ミクシィ創業者開発の子ども特化型SNS「みてね」…世界で想定外の快進撃
MIXI(ミクシィ)創業者の笠原健治氏が開発した「みてね」は、開始から11年で世界の約2900万人が利用するSNSに成長した。家族間で子どもの写真や動画を共有するサービスで、笠原氏は「今後10年間で1億人超の利用者を目指したい」と意気込む。 【写真】みてねの画面イメージ
■家族や親戚に限定
みてねは家族や親戚など登録した人限定で子どもの写真や動画が共有でき、2015年にサービスが始まった。
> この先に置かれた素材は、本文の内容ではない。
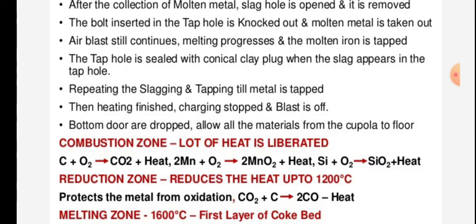When heating is finished, charging is stopped and the blast is turned off. The bottom doors are dropped, allowing all materials from the cupola to fall to the floor.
自由にコメントをつけられ、祖父母ら高齢者でも使いやすい。アップロードした写真からアルバムを作成したり、自動で1分程度の動画に編集したりする機能も搭載されている。基本は無料で、機能の拡充に合わせて税込み月590円と月1090円のプランがある。
日本版のみてねでは、子どもの現在地をGPS搭載の専用端末を通じてスマホから確認できる「みまもりGPS」や、プロのカメラマンによる出張撮影サービス、オンライン診療など様々なサービスを展開する。
現在は、世界175の国・地域で7か国語で展開しており、利用者は26年2月時点で約2900万人。このうち海外が約4割の約1200万人だ。
世界全体の利用者が1億人を超えるLINEのような事例もあるが、海外で1000万人超の利用者を持つ日本発のアプリはまだ珍しい。笠原氏は「国内だけでなく、海外でここまで大きく成長できるとは予想していなかった」と手応えを語る。
■mixiの失速
笠原氏は国産SNSの草分けとなる「mixi」を開発した。04年に運営を開始し、利用者は12年にピークの約2700万人に達したが、その後はフェイスブックやツイッター(現X)などに押され、利用者を減らした。中国などへの海外展開もうまくいかなかった。
「mixiの日本語のコミュニティーに海外の人が入ってくるのは難しかった。すでに多くの利用者を抱える競合SNSが各国にある中で、海外展開も簡単ではなかった」と振り返る。
13年に子どもが生まれた笠原氏は、家族同士で子どもの写真を簡単に共有できるサービスがないことに気がついた。自身がリーダーとなって5人程度のチームで開発を開始し、15年にみてねの提供を開始した。